## Task to complete
Each line from the opening of the records that follow to the line with "Then we're going" needs to be written out exactly. Add nothing.

Stored items
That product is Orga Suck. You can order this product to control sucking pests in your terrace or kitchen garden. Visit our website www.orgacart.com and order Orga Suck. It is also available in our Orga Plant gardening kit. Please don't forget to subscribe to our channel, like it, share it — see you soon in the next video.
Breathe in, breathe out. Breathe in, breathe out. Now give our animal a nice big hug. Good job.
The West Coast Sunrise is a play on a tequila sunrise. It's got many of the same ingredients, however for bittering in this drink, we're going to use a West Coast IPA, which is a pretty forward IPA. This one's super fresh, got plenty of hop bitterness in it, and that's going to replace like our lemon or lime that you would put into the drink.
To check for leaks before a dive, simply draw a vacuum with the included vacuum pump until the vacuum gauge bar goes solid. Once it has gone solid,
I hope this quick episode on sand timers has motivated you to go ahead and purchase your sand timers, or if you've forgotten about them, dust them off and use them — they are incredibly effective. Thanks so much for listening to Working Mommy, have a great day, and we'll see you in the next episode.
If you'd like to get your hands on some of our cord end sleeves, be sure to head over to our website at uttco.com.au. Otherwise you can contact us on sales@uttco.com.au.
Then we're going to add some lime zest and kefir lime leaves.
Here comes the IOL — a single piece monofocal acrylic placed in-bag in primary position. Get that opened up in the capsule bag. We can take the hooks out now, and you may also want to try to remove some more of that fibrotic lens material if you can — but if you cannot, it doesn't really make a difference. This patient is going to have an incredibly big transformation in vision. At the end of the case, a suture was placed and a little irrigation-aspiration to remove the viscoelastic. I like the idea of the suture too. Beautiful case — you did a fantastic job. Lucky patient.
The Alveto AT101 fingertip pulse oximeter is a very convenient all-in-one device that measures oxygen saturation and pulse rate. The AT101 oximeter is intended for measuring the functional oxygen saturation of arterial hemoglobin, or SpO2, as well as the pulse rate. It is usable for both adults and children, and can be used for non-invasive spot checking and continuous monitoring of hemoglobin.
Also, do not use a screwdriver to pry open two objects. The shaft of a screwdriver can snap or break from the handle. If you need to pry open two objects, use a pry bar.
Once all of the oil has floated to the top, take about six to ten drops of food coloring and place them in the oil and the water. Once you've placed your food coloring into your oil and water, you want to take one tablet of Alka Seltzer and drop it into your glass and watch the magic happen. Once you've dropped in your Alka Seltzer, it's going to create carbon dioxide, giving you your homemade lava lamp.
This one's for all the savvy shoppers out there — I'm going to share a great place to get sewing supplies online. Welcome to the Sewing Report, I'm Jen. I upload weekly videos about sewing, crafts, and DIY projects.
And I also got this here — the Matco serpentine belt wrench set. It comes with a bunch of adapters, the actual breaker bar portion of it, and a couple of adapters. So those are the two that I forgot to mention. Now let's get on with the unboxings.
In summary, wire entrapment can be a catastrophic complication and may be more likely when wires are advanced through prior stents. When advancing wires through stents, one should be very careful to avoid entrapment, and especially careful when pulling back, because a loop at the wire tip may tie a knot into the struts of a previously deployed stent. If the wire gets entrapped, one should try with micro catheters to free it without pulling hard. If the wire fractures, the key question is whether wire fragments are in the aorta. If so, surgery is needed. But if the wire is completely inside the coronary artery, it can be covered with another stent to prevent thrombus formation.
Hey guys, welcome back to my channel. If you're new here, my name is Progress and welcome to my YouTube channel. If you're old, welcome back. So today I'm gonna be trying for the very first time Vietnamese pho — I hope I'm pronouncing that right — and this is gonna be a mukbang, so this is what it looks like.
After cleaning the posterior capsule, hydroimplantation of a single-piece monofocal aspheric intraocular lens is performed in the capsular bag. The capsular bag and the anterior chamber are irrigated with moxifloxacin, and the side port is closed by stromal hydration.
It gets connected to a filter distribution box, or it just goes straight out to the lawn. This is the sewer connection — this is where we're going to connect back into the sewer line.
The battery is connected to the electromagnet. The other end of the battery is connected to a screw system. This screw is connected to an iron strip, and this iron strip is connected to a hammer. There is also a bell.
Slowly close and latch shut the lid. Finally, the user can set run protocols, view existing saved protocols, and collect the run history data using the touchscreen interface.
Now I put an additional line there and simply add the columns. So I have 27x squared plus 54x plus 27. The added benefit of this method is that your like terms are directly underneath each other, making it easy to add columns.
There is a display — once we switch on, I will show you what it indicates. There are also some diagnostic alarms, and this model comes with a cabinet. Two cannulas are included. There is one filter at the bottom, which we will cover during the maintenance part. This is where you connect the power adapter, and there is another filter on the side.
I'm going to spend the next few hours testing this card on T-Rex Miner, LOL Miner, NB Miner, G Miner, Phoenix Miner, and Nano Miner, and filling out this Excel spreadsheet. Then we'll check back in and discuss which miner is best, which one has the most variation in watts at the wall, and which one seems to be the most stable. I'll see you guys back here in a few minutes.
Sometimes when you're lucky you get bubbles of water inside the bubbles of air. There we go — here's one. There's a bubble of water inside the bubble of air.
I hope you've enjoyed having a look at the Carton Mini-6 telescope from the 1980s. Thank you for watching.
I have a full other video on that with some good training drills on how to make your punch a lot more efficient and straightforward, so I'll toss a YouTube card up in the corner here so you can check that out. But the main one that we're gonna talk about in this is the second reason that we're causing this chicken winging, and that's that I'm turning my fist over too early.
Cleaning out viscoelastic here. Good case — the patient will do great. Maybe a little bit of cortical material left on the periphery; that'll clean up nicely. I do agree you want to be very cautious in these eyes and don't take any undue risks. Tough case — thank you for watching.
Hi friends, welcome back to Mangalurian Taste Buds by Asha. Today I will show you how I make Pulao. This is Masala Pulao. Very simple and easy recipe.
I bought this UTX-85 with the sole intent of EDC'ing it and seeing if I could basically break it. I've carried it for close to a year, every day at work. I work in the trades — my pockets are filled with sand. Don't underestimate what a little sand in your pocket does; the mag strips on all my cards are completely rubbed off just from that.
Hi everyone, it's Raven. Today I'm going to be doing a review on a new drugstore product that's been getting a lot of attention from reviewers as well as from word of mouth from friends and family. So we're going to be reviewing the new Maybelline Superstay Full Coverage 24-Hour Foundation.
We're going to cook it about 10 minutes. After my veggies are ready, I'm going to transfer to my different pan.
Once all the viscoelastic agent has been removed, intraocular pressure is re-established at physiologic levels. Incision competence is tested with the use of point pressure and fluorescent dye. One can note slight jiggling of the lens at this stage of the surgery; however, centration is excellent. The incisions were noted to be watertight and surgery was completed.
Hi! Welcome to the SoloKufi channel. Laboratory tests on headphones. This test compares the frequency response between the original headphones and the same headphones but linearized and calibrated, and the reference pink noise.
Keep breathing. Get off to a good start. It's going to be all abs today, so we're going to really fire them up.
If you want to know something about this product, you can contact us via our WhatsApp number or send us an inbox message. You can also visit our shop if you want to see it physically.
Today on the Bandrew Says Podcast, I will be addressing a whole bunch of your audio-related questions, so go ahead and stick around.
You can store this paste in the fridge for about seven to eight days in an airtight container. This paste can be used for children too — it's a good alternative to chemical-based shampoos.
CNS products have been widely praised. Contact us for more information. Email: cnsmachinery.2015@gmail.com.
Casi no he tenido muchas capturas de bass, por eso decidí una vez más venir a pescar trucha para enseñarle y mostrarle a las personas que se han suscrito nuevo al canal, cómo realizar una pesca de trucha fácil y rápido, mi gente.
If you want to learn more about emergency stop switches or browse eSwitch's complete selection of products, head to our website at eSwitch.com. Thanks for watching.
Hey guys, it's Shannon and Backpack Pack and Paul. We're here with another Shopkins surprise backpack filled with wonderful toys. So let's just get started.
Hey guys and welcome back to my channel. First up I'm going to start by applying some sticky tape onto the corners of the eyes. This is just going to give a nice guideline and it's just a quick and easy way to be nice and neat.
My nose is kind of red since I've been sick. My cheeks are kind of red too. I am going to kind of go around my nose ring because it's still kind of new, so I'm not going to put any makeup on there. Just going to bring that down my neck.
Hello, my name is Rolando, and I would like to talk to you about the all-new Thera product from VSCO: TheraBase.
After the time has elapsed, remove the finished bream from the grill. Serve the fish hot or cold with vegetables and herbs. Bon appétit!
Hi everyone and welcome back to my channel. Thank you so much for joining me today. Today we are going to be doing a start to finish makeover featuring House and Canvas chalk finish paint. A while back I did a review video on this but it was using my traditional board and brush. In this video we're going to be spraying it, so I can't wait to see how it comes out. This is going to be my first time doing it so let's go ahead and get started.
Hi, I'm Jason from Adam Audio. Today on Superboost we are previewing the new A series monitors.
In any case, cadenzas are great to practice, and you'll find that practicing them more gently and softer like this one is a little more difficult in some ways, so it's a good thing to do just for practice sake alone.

## Answer section
That product is Orga Suck. You can order this product to control sucking pests in your terrace or kitchen garden. Visit our website www.orgacart.com and order Orga Suck. It is also available in our Orga Plant gardening kit. Please don't forget to subscribe to our channel, like it, share it — see you soon in the next video.
Breathe in, breathe out. Breathe in, breathe out. Now give our animal a nice big hug. Good job.
The West Coast Sunrise is a play on a tequila sunrise. It's got many of the same ingredients, however for bittering in this drink, we're going to use a West Coast IPA, which is a pretty forward IPA. This one's super fresh, got plenty of hop bitterness in it, and that's going to replace like our lemon or lime that you would put into the drink.
To check for leaks before a dive, simply draw a vacuum with the included vacuum pump until the vacuum gauge bar goes solid. Once it has gone solid,
I hope this quick episode on sand timers has motivated you to go ahead and purchase your sand timers, or if you've forgotten about them, dust them off and use them — they are incredibly effective. Thanks so much for listening to Working Mommy, have a great day, and we'll see you in the next episode.
If you'd like to get your hands on some of our cord end sleeves, be sure to head over to our website at uttco.com.au. Otherwise you can contact us on sales@uttco.com.au.
Then we're going to add some lime zest and kefir lime leaves.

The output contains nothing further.